It is not racist to point this out, not least because the Illuminati want to destroy the sense of nationhood and culture in ALL countries; those from which immigration is coming as well as those where it is going. They want to destroy cultural distinctions as much in Central and South America, Asia, Africa and Eastern Europe as they do in North America and Western Europe. The expansion of the European Union is, in part, designed to do this in the new member states of the east.
They want a McDonald’s, Burger King, global ‘culture’ that sweeps away cultural uniqueness to leave us with a planetary version of Disneyland – a uniform superficial ‘culture’ based on pap and crap with the same TV programmes, same movies, same ‘art’, same music, same food, same structure of society. The ‘Americanisation’ of global ‘culture’ through fast food, movies and music, etc., is actually the Illuminati-isation. What is shown to work in the United States in terms of advancing the agenda in all its forms is then exported to the rest of the world.
Once this reaches an advanced stage – and it is happening before our eyes – the sense of nationhood and distinct cultural differences will be eroded sufficiently for the people to be far more open to accepting the One World, centralised structure, that would dictate on all levels to their former culture/country.
The ‘One World’ society is not about bringing all members of the human family together in harmony and respect for each other. It is about eliminating cultural diversity that we should be celebrating and ruling everyone from a central point.
That’s the real agenda behind the thrust of immigration policies and you are going to see this process expand rapidly in the years to come.”

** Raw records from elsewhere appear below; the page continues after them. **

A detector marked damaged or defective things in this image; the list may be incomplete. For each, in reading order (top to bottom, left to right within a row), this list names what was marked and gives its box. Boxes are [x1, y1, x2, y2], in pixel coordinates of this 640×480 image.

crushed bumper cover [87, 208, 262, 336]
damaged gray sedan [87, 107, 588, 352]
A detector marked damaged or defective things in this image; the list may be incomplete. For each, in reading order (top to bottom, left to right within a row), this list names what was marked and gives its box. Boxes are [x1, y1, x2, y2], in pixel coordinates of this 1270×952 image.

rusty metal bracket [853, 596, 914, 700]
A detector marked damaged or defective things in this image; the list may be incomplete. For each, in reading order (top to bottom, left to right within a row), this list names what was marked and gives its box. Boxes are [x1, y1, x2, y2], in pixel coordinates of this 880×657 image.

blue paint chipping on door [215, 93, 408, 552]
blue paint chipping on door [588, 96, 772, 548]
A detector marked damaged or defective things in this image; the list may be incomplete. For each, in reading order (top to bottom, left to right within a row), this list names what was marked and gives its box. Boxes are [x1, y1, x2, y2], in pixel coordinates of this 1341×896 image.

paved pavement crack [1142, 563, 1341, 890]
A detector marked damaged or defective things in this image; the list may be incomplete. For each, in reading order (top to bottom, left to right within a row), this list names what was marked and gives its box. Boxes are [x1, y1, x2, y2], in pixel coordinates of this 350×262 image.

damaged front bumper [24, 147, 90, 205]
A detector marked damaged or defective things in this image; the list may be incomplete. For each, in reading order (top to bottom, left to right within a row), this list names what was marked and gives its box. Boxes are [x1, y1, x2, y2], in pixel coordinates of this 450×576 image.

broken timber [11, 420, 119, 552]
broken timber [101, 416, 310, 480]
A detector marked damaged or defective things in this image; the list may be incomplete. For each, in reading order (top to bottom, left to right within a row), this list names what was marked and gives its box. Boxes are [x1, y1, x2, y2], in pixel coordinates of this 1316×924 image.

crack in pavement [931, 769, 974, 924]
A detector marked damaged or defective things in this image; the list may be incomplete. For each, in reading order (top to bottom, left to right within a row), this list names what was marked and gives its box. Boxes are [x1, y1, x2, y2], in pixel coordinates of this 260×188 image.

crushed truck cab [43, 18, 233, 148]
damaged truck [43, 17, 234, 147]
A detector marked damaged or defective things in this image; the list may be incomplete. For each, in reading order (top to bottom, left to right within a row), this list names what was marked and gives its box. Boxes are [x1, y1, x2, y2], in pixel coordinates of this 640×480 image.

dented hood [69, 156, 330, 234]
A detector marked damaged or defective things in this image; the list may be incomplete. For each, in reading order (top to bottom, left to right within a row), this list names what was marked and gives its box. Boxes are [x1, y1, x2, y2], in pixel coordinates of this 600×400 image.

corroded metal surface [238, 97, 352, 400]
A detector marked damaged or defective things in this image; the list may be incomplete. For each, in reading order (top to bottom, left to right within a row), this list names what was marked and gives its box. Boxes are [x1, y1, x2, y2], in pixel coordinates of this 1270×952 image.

Speaking during a radio-interview in January this year, campaigner and former naval Lieutenant Commander, Brian Gerrish spoke about the UK immigration issue. He said,
“The biggest trick that’s been played on this country is Divide and Rule. Did the immigrants fight their way ashore? Did the Muslims fight their way ashore? And the answer is ‘no,’ they were invited in… The enemy at the moment is our own politicians who are basically inviting thousands and thousands of people – hundreds of thousands of people into this country – when the infrastructure can’t cope with it. And what is their objective? Their objective is to make us strangers in our own country. And if they can upset us to the extent that there’s gonna be violence then ‘they’ are going to be laughing with great glee. Are there problems because they’re here in the numbers? Yes. Muslims in the Midlands will say that they’re getting extremely worried about the number of immigrants coming in from Eastern Europe for example because the Poles have taken a lot of jobs away from Muslims. Does that mean every Polish person in this country is bad? The answer is, ‘no.’ So, if we want to actually sort the situation out we have gotta grit our teeth about troublemakers within these individual groups, whether it’s thieves and criminals within some of the Eastern European people that are coming in, and we’ve gotta get to grips with who is causing the problem. And every problem that we’ve got at the moment, and if it’s not being dealt with, there is only one group of people that are answerable, and that is our own MPs. They are the ones who refuse to get a grip with who’s coming into the country. They are the ones who are victimising people who have been living in this country for generations… who are we being victimised by? Our own politicians, and why? Because, in my opinion, our politicians are absolutely not what we think they are. We think they’re British. They’re absolutely not British. They are working for a very different internationalist agenda.”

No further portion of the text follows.